Inter-American Commission on Human Rights













Nº 37/05



Today, the Inter-American Commission on Human Rights (IACHR) and UNICEF’s Regional Office for Latin America and the Caribbean concluded their joint visit to Haiti. The purpose of the visit was to gather information on the situation of children and adolescents in Haiti and to try and draw greater domestic and international attention to the grave violations of the human rights of this segment of the Haitian population. The delegation was headed by Paulo Sérgio Pinheiro, IACHR Commissioner and Children’s Rapporteur and the United Nations Secretary General’s Independent Expert for the Global Study on Violence against Children, and by María Jesús Conde, UNICEF’s Regional Advisor on Child Protection for The Americas and the Caribbean. During its visit from November 2 to 5, 2005, the delegation met with the Minister of Justice, United Nations agencies, representatives of international organizations and of civil society, and with Haitian children and adolescents. The delegation visited children’s detention centers and the border with the Dominican Republic.


At the end of its visit, the delegation expresses its profound concern at the grave violations of the human rights of Haitian children and adolescents being committed as part of the ongoing violence in the country. A number of different sources related cases of murder, the use of children by armed bands, torture, kidnapping, abuse, assault, and sexual exploitation, abandonment, trafficking, smuggling, and corporal punishment. Haitian children and adolescents live in fear, in circumstances marked by extreme poverty and by an increasingly generalized absence of the State. Health, proper food and nutrition, education, and protection services are lacking throughout the country. Under such circumstances, children and adolescents – especially street children and the restaveks -- are extremely vulnerable and exposed to various forms of violence.


In the words of one of the children interviewed by the delegation: “We understand that this is one of the least advanced countries, but you have to understand that we cannot live in hunger and fear.”


The delegation wishes to draw attention to the effects on children of the lack of an adequate justice system. It means prolonged periods of detention without charges being brought against them and virtually without judicial controls, including the imprisonment of 10-year-old children, in flagrant violation of Haitian law. In the Delmas prison, the delegation observed that, even though the recently inaugurated physical installations are in good shape, there is not enough space to house the number of people there. It noted, too, that children deprived of their liberty have scant access to health care, sufficient and nutritious food, or education and they are not allowed sufficient time for recreational activities or to prepare for their reinsertion in society. The mission points out that the imprisonment of children should be used only as a measure of last resort.


          In its visit to the town of Ouanaminthe, on the border with the Dominican Republic, the delegation observed the lack of control and of legal parameters for transit between the two countries. In that connection, we express our concern at serious denunciations we have received regarding repeated trafficking and smuggling of children and adolescents, who are used for domestic labor, sexual exploitation, and other degrading activities.  

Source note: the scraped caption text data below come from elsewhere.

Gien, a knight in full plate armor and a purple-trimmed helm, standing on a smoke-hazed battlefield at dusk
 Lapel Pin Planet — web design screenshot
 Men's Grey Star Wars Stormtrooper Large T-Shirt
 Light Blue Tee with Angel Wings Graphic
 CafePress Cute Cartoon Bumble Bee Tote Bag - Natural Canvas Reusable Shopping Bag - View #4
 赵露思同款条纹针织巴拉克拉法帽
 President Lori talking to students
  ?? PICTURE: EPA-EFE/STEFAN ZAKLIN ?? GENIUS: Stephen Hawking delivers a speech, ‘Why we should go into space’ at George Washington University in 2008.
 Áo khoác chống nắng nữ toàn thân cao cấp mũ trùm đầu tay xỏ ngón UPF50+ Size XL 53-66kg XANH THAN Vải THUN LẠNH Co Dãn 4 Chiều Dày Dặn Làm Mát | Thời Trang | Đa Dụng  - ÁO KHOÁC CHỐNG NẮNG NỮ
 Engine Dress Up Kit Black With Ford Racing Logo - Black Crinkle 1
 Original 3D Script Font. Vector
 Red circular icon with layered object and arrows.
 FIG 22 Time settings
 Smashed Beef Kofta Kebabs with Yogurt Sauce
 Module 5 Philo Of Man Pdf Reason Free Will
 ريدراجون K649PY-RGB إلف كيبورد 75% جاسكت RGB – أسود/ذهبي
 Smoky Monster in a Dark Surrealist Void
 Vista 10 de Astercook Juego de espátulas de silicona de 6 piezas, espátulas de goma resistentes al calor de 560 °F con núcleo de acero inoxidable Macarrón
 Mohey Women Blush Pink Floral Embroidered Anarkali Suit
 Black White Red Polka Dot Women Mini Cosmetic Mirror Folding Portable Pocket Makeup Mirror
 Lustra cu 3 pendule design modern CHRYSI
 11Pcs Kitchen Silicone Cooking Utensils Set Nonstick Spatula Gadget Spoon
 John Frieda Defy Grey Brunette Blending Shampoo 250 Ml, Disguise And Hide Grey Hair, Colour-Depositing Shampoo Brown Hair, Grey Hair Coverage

Mindful of the risks to the lives and bodily integrity of human rights defenders, the delegation recommends supporting their efforts and guaranteeing the minimum conditions needed for them to go about their work, which is indispensable for the restoration of democracy in Haiti.


The delegation expresses its concern at the existence of the zones de non-droit (areas where state security forces are not present), in which hundreds of thousands of citizens, most of whom are children and adolescents, are utterly defenseless victims of increasingly blatant violations of their rights, including the right to life. We consider it crucial to bring the influence of the United Nations and of international cooperation to bear on this situation to insure access to it and humanitarian protection.


The delegation considers that proper attention to the rights of Haitian children and adolescents cannot wait until Haiti’s complex political and social problems are resolved. In that connection, it is important to bear in mind the potential contribution of the country’s civil society organizations.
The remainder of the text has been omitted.